L’affaire Kohler pourrait-elle renforcer encore cette méfiance ?
C’est presque un détail. Le secrétaire général de l’Élysée est poursuivi pour « prise illégale d’intérêts » , mais c’est tous les jours qu’ils organisent la prise légale d’intérêts ! De General Electric à McKinsey, en passant par Technip, Sanofi, Uber, avec ce monde des affaires comme mécène de sa campagne 2017. Parler de lobby, c’est trop faible : ça suppose une pression de l’extérieur.
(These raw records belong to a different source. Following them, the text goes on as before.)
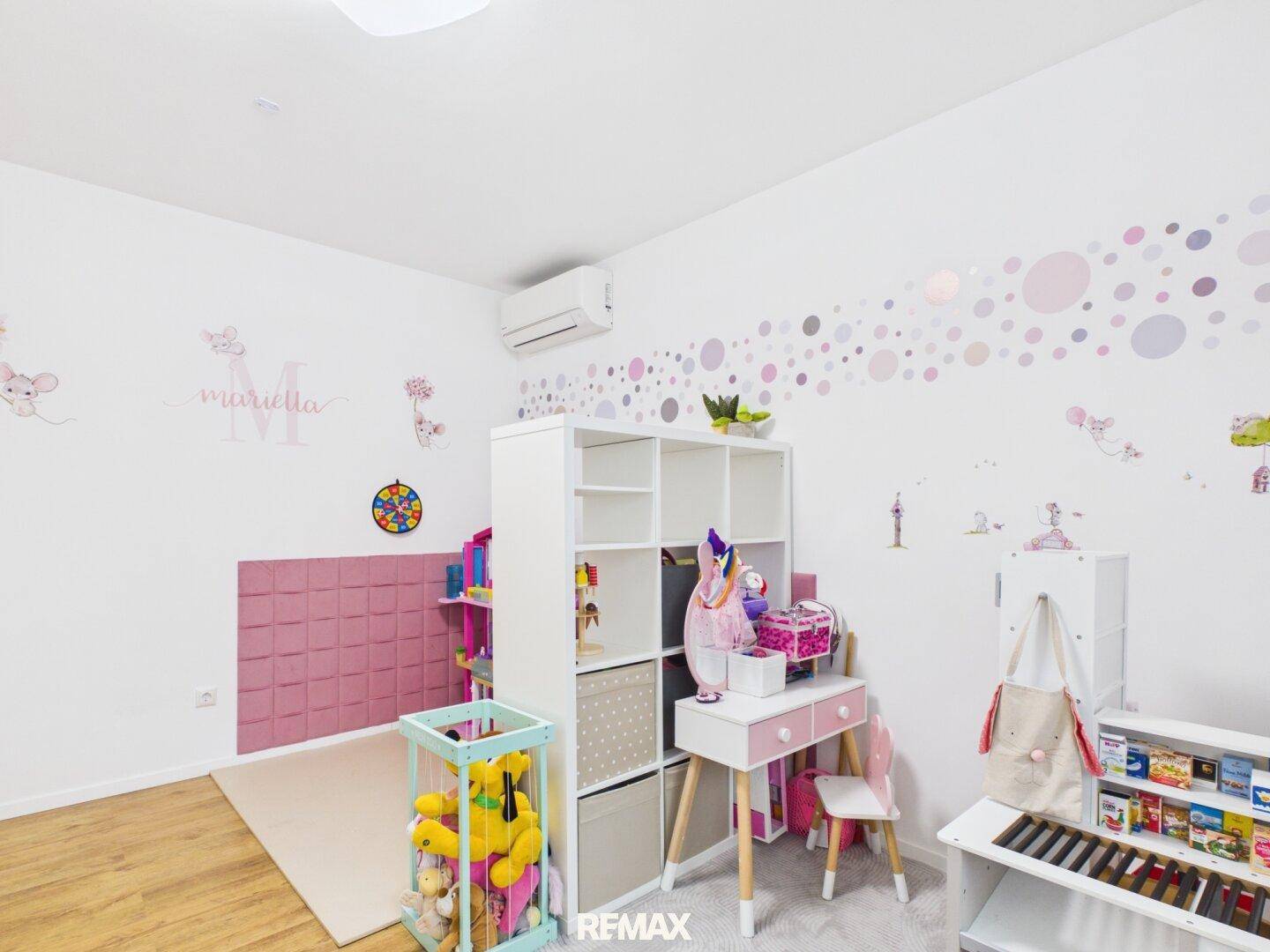 Freundliches Kinderzimmer mit Spielbereich, Schreibtisch und kreativer Wandgestaltung.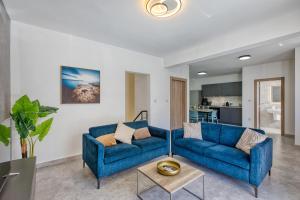 a living room with two blue couches and a table at Spacious and refined 3 bedroom duplex KARP1-1 in San Ġwann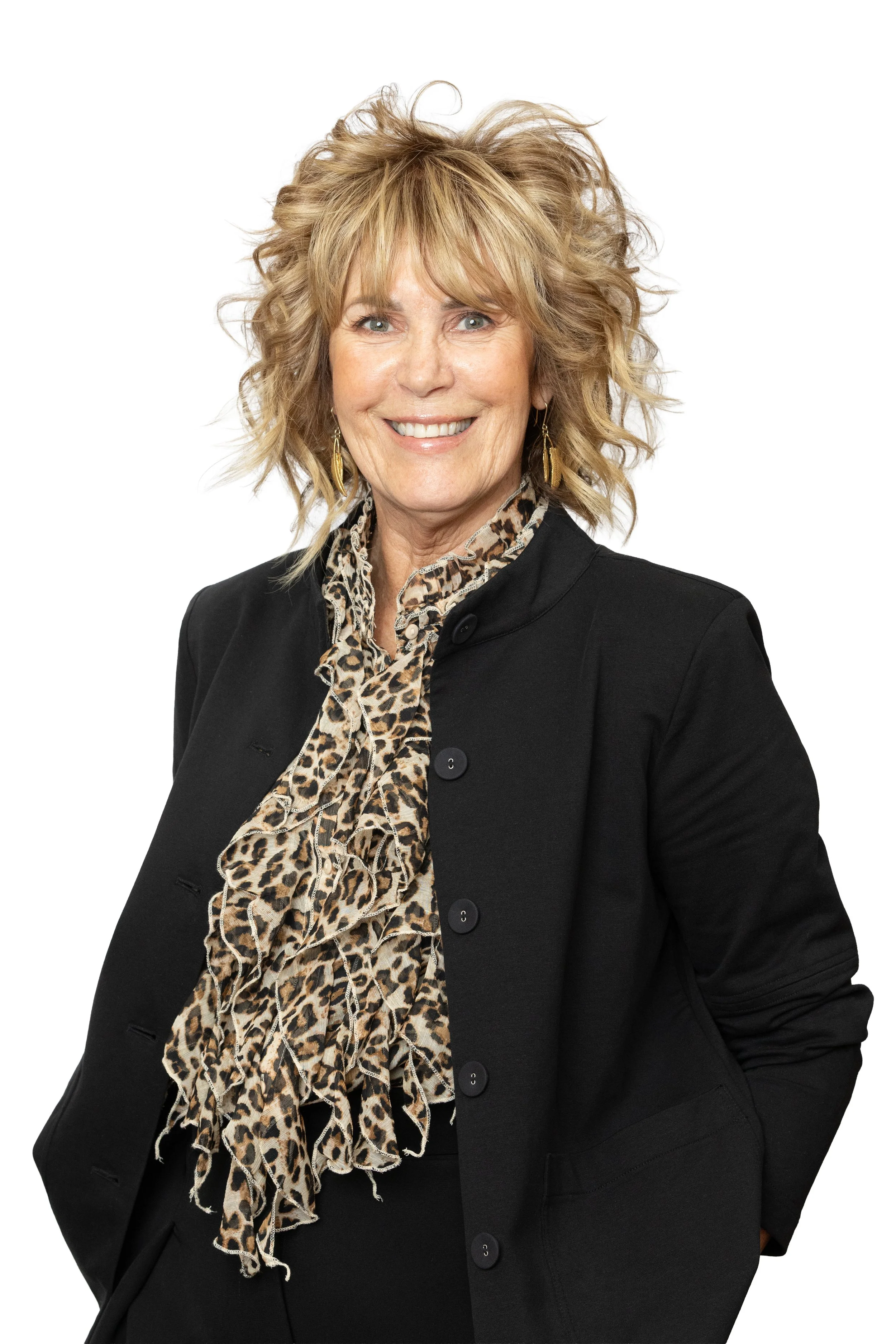 Portrait of a smiling middle-aged woman with blonde, curly hair, wearing a black blazer and a leopard print blouse with ruffles, gold earrings, against a white background.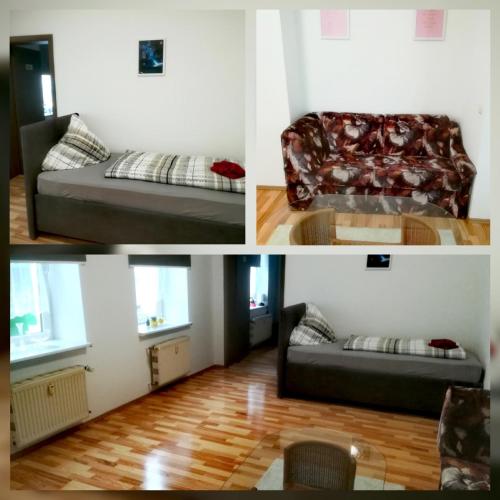 a room with a bed and a couch and a chair at Ferienwohnung Axel - nahe Chemnitz in Limbach - Oberfrohna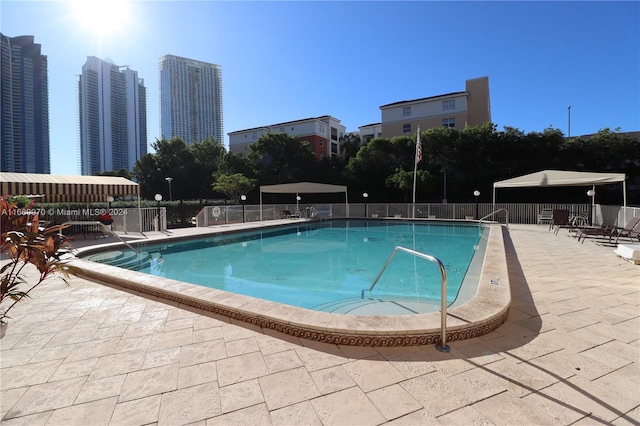 210 172nd St Unit 332, Sunny Isles Beach, FL 33160 - community pool featuring a patio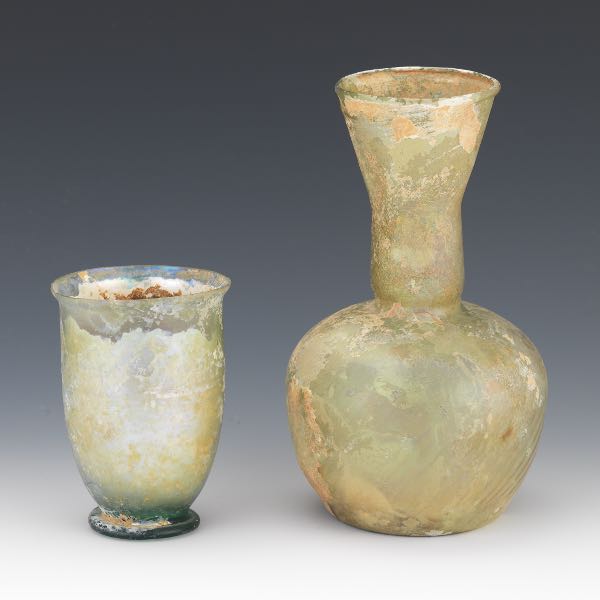 Appraisal: TWO ROMAN GLASS VESSELS Iridescent colored blown glass items including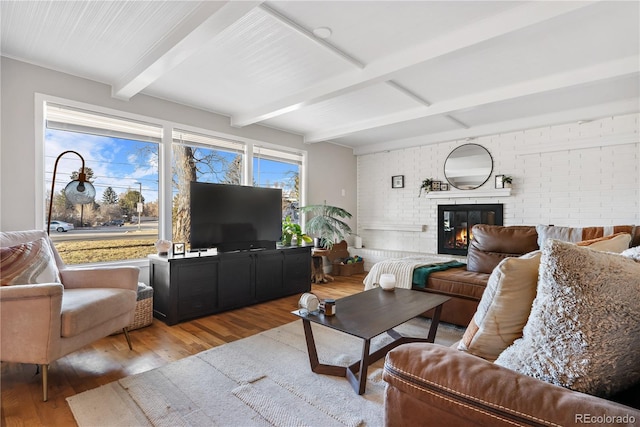 living room featuring a brick fireplace, beam ceiling, wood-type flooring, and brick wall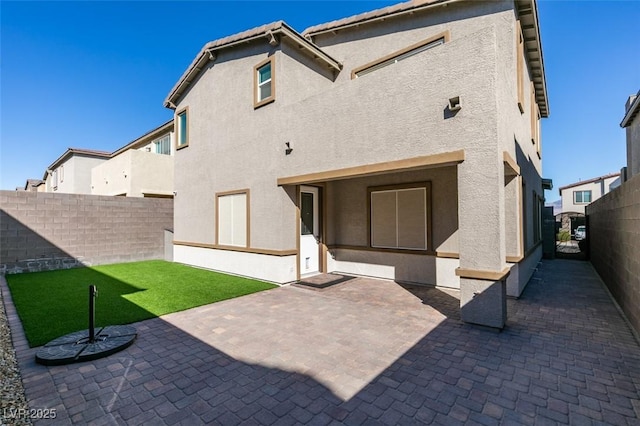 9239 Albus Hills Ave, Las Vegas, NV 89143 - back of property with a patio area, a fenced backyard, and stucco siding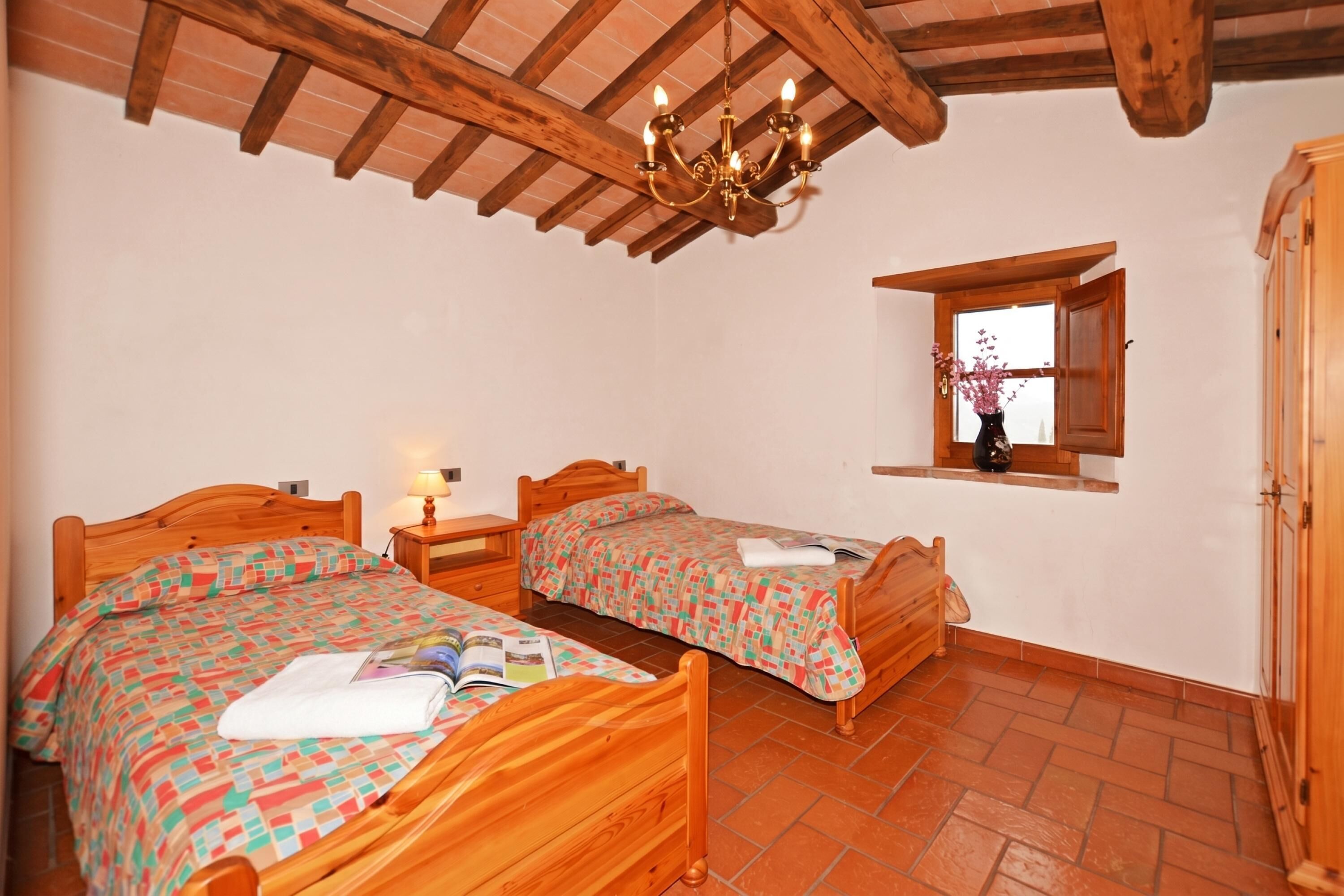 A bedroom with two wooden beds, a chandelier, a window with a view, and a wooden wardrobe.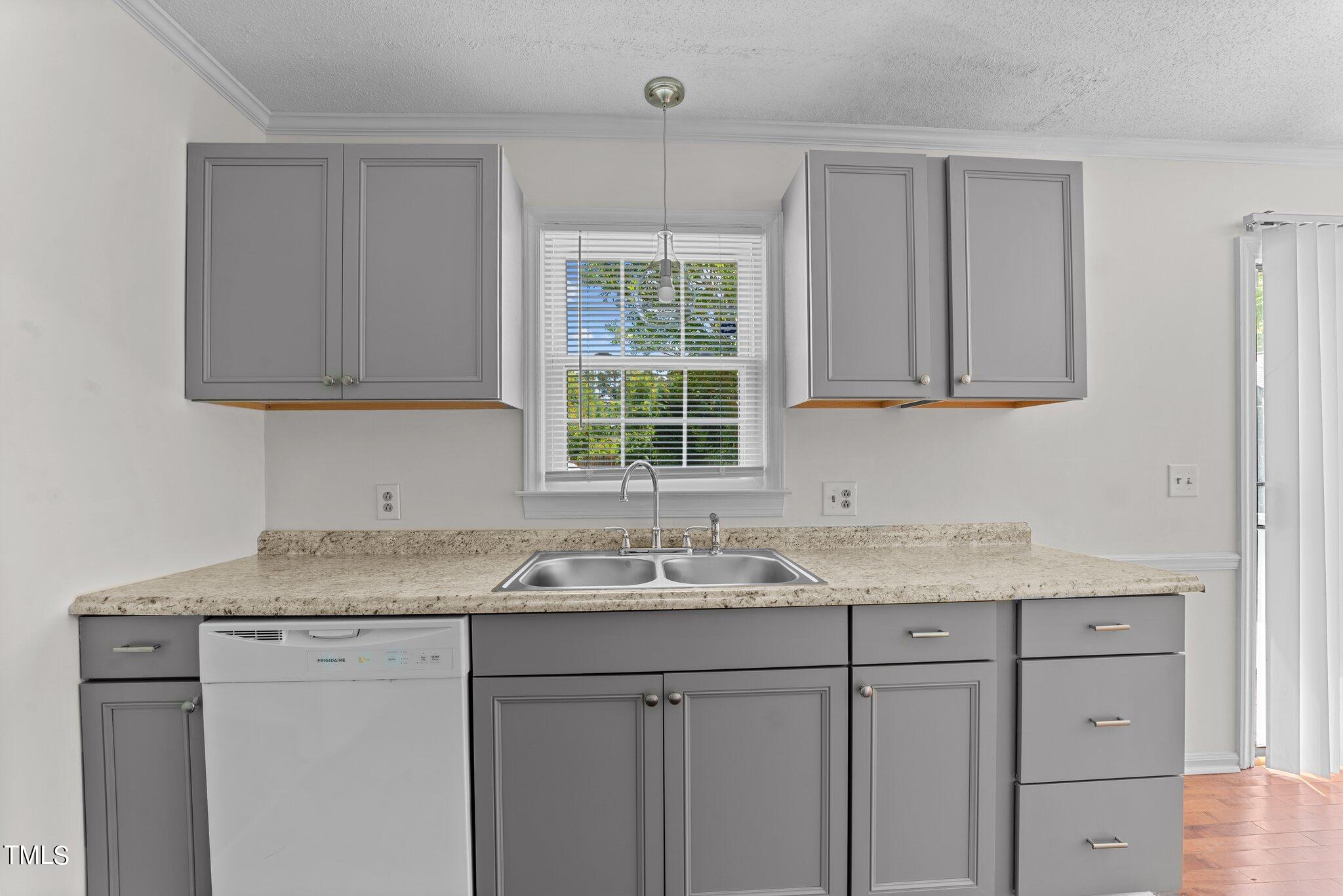 207 Freestone Road Greenville, NC 27834 - Photo 16 of 45 a kitchen with a sink cabinets and window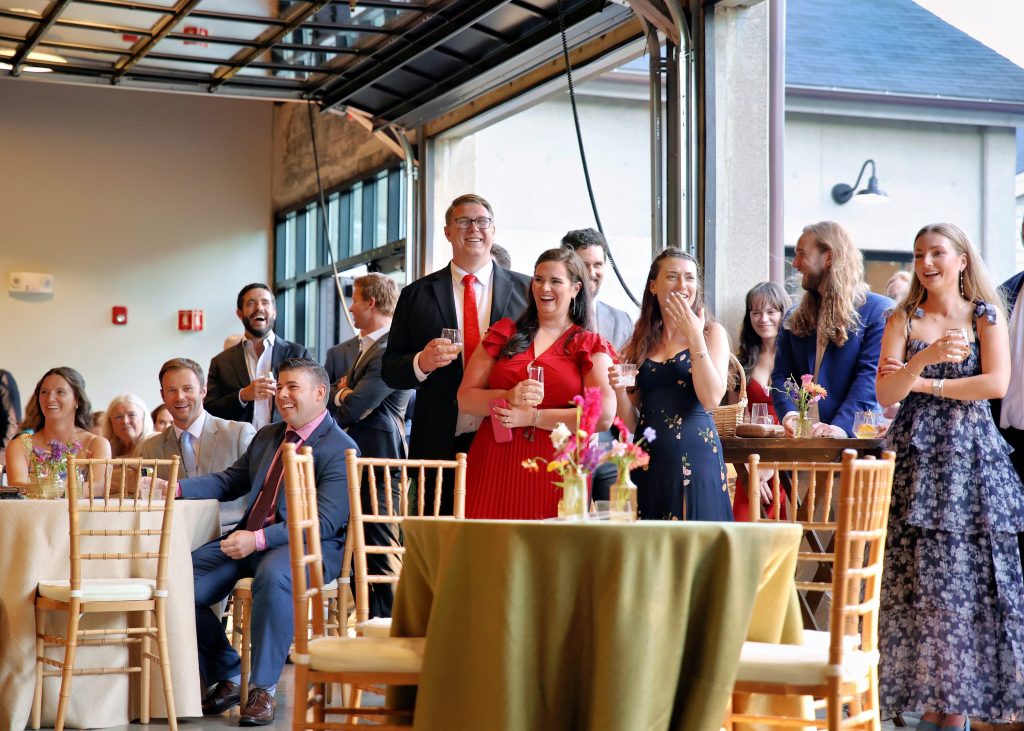 Smiling and laughing wedding guests sitting and standing around round banquet tables dressed with canvas linens and surrounded by wooden Chiavari chairs underneath opened overhead glass doors.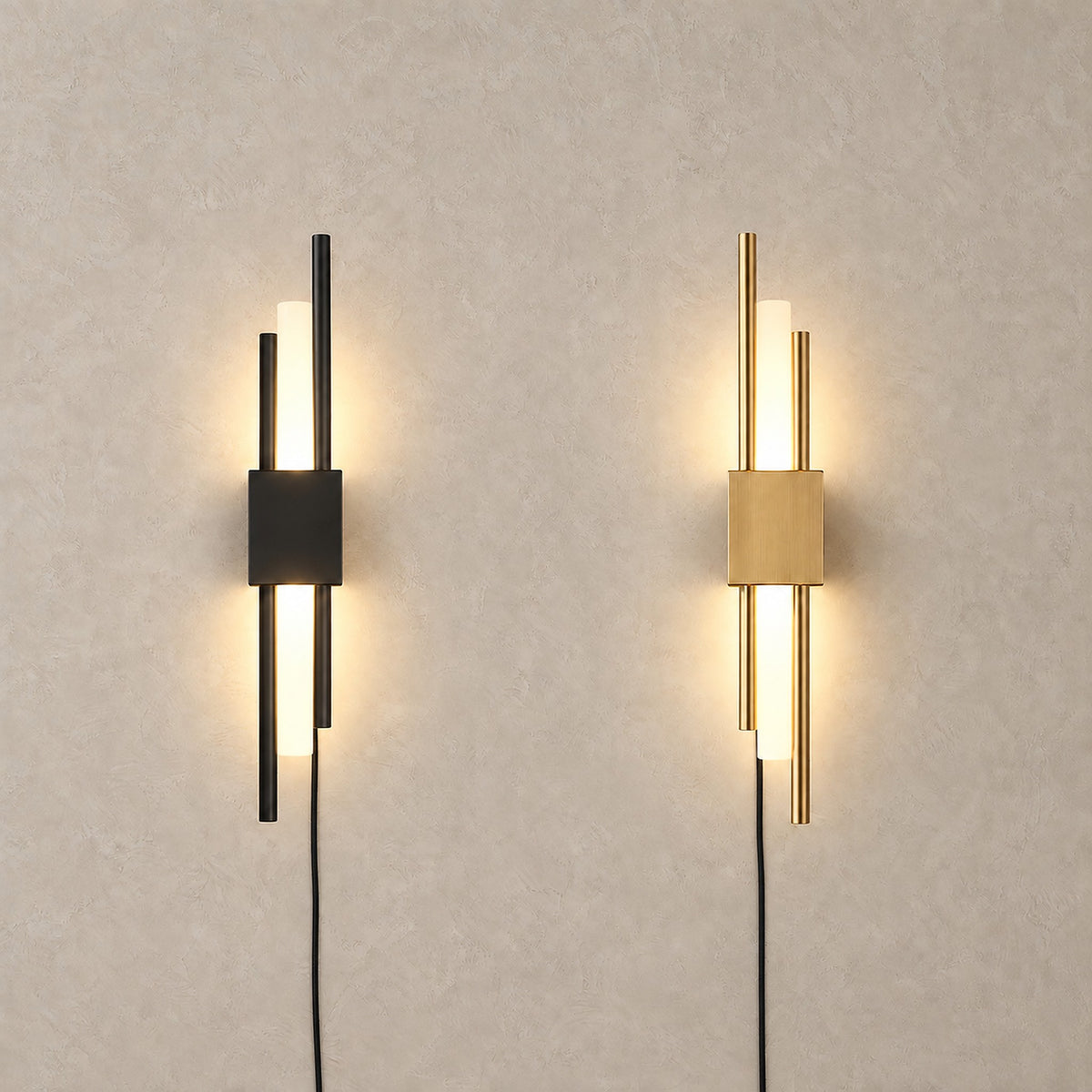 Nemirsa black and gold plug in wall lights side by side, both lit, comparing the two finishes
La vérité, c’est que l’État est aujourd’hui colonisé de l’intérieur par des intérêts privés, jusqu’à son sommet. Emmanuel Macron, c’est l’homme de la finance avant la France. Ou plutôt, il confond les deux : ce qui est bon pour ses amis financiers sera bon pour les Français…
Les Insoumis peuvent-ils donner des leçons au vu des réactions du mouvement dans l’affaire Quatennens, qui foule les valeurs féministes prônées jusque-là ?
Ma position, depuis le départ, c’est qu’on doit se donner le temps, laisser la poussière retomber. Il ne doit pas y avoir de forcing à la démission, mais pas non plus de forcing à un retour précipité qui fait du mal à la cause féministe, à notre groupe parlementaire et à Adrien Quatennens lui-même. Je ne vois pas l’urgence de trancher à vif, alors que la justice ne s’est pas prononcée, alors que les esprits sont échauffés en tous sens.
L’absence de démocratie dans le mouvement n’est-elle pas à l’origine de tels choix ?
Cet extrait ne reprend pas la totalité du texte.